Entrepreneurs can also mitigate their risk by bringing on advisory or equity partners. They can even approach their competitors and see if they're interested in buying them out. If they decide to do a liquidation closing, they should determine what can be liquidated and whether or not it would cover their loan.
5. Focus more on what your customers want--not what you want.
When it comes to becoming a business owner, most people are encouraged to follow their passion. Maybe your friends say you make the best enchiladas and all you need is the money to buy a food truck. Or, maybe you've always dreamed of owning a specialty health food store and you just spotted a convenience store for sale in a great location.
Katie Van Dyke is director of Ohio SBDC at Cleveland State University and has spent the past 10 years supporting local businesses and entrepreneurs in the Cleveland area. Through her work as director of the Small Business Development Center, she provides assistance, training, and advice. She has developed a curriculum in entrepreneurship, and has taught classes in business and marketing.
Van Dyke emphasizes the importance of getting to know your potential customers.
"Most entrepreneurs focus too heavily on what they think customers want. Instead, they should be focusing on having open and honest conversations with potential customers," she says.

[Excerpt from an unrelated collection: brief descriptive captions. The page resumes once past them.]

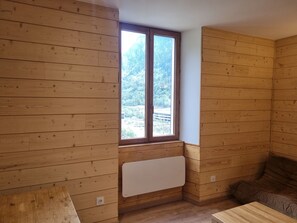 Een kamer met houten wanden, een raam met uitzicht op een bos, een radiator en een bruine bank.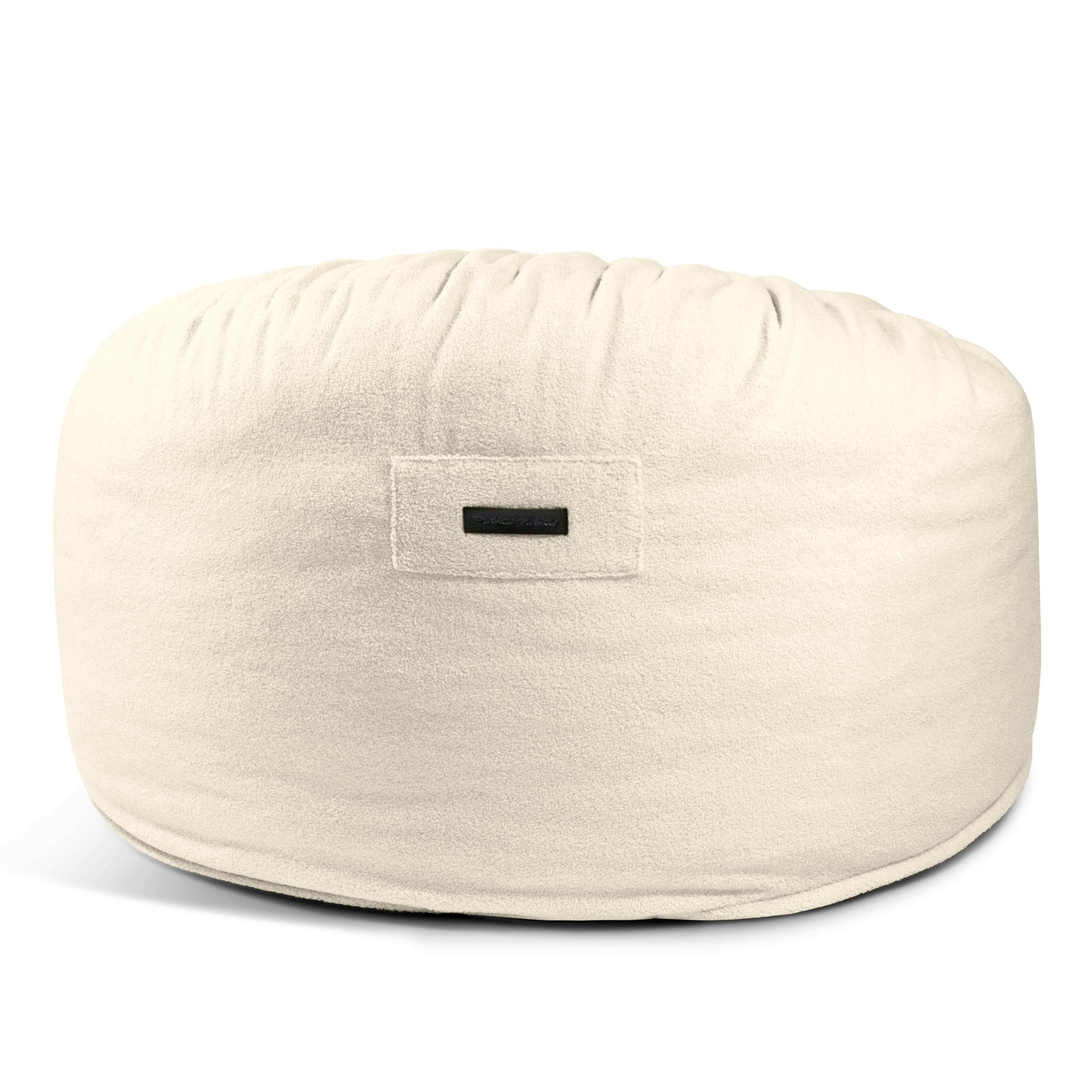 El Foam Bean Bag OM 110 Barcelona es un gran sillón redondo tipo puf donut con un suave acabado en blanco roto y una pequeña etiqueta rectangular en la parte delantera.
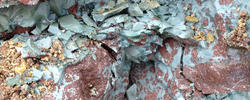 A rock formation of mostly gray, red and white clay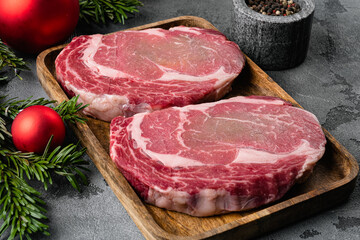 Classic fresh steak, on gray stone table background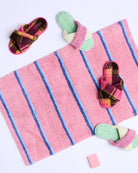 Overhead view of pink Kip Co Blushing Stripe Bath Mat with blue stripes styled with colorful slippers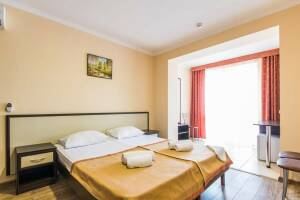 Изображение Изображение: Двухкомнатный четырехместный Стандарт (кат. 3*) #1 #2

Connecting and communicating with potential customers can provide entrepreneurs with invaluable data and insight. This could mean testing products through a local farmers market, or even with friends and family, before investing in a full-scale business venture.
6. Take advantage of your local SBDC and the services it offers.
SBDCs are a valuable resource for all entrepreneurs. There are more than 1,000 local centers across the United States that provide no-cost business consulting and low-cost training. Their professional advisors have a breadth of knowledge on deal structuring, financing, growth strategies, and exit planning. They also have great connections, including relationships with local banks. You can find the nearest SBDC in your areaby looking it up on America's SBDC website.